Bajó lentamente, mezclándose entre los invitados. Al pasar junto a un grupo de damas, soltó su veneno con sutileza.

—Dicen que el señor de Clairmont vendió su alma a cambio de su corazón dorado. Y que la muchacha que lo acompaña es el precio que aún paga.

Las mujeres lo escucharon, fascinadas y horrorizadas a la vez. En minutos, el rumor se esparció por todo el salón como una enfermedad.

Ariadna lo notó primero..Las miradas habían cambiado..Ya no eran solo de deseo hacia Lucien. Ahora había miedo. Murmullos. Risas ahogadas. Lucien lo sintió también. Y cuando su mirada se cruzó con la de D’Averne al otro lado del salón, comprendió.
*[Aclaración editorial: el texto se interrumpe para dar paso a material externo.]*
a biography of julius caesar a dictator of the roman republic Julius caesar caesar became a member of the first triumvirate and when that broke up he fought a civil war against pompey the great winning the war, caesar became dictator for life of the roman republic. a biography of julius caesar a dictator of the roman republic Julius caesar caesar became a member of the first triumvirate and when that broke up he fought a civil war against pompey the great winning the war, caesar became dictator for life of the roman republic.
—Está aquí —murmuró entre dientes.

Ariadna giró la cabeza discretamente. El aristócrata le sonreía con la calma de un depredador que ha olido la sangre.

—No lo dejes provocarte —dijo ella, temblando— Eso es lo que busca.

Pero Lucien ya no la escuchaba. La bestia en su interior comenzaba a moverse. El ambiente lo asfixiaba: las luces, las risas, las miradas hambrientas..Y, sobre todo, las palabras que se esparcían como humo venenoso.

—¿Lo ves? —susurró D’Averne acercándose con una copa de vino en la mano— No puedes ocultar lo que eres, De Clairmont. Ni ella puede ocultar lo que fue..Un monstruo y una mujer vendida. Una historia digna de los poetas o de los verdugos.

Lucien lo miró fijamente. Cada músculo de su cuerpo temblaba. Su corazón ardía con la furia contenida. Ariadna tomó su mano con fuerza.

—Mírame —le susurró— Solo a mí.

Su voz fue un ancla..Lucien parpadeó, recuperando el control por un instante. Pero D’Averne no se detuvo.

—Piénsalo, Ariadna —dijo con tono meloso—
¿No te has preguntado qué pasará cuando él vuelva a perder el control? ¿Cuando su amor se convierta otra vez en fuego?

Ariadna retrocedió un paso. Sus ojos se llenaron de rabia y miedo.

—Usted no sabe nada de amor.

—Oh, créame, lo sé —replicó él, inclinándose para que solo ella lo oyera— El amor es solo una forma elegante de esclavitud. Y tú eres su cadena más brillante.

Lucien lo empujó violentamente. La copa cayó al suelo, tiñendo el mármol de rojo. Los invitados gritaron.

Lord D’Averne sonrió.

—Gracias por el espectáculo, señor de Clairmont..Ahora todos recordarán que incluso los demonios saben bailar.

Salió caminando lentamente, rodeado de murmullos, dejando tras de sí el aroma a vino y ruina. Ariadna se volvió hacia Lucien. Sus ojos estaban vacíos, dorados otra vez. La bestia había despertado. Ella lo abrazó, intentando calmarlo, pero él se quedó quieto, rígido, como si su alma se partiera en dos.

—No dejaré que te la quite —susurró Lucien—
Ni a ti, ni a esta casa. Juro que esta vez nadie tocará lo que amo.